# Exotic knitted lace--Estonian Enchantment Shawl



## mollyannhad (Feb 1, 2011)

This shawl was inspired by all those lovely Estonian pattern stitches and their nupps. I discovered I really love to make nupps, the more you make the better at making them you will get. There is quite a few in this lacy shawl to work, but not so many you are overwhelmed. Every pattern stitch in this shawl was a joy to knit. It was intriguing to see how the center pattern worked up--it just seemed so bunchy as this type of stitch looks until it is finally finished with the blocking process. Then, the thrill of the finished look as all the wrinkles smoothed out into this gorgeous shawl!

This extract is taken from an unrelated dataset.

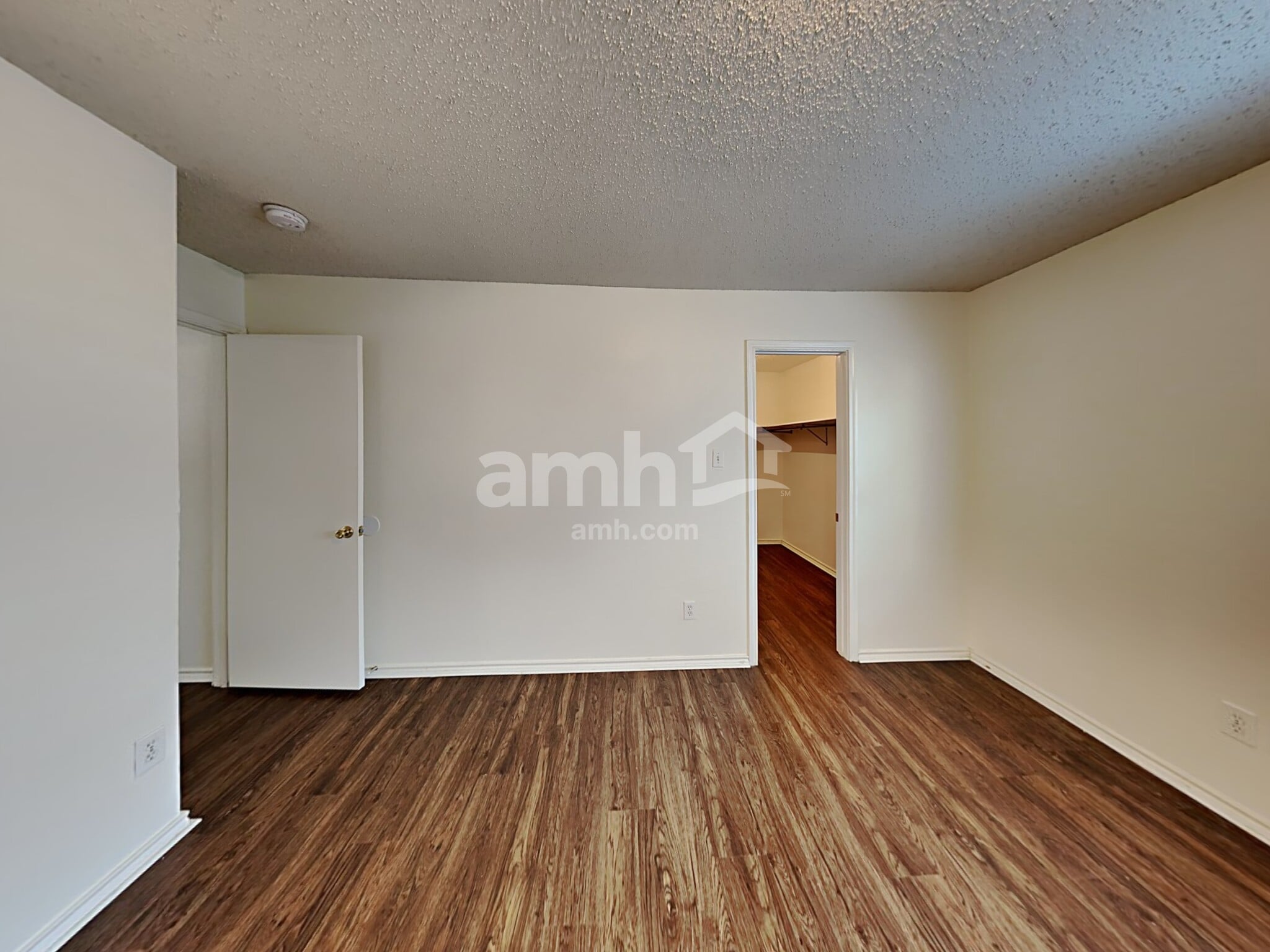 Building Photo - 10109 Chapel Glen Ter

This dazzling lace shawl is entirely Estonian inspired. Lacy pattern stitches and a scattering of nupps are the essential ingredients of Estonian lace knitting. The ever gorgeous fern-type pattern stitch, central to this shawl, is framed with lace, as well as the bottom borders. Though this looks fairly complicated, it is really not hard to knit. The right side rows are the basic patterning rows, while the wrong side rows are nearly all easy purl stitching with the exception of the nupp stitch finishing rows. It is worked from the bottom up and joined in the center with kitchener stitch. The instructions include both written and charted directions for ease in working up this delicate beauty.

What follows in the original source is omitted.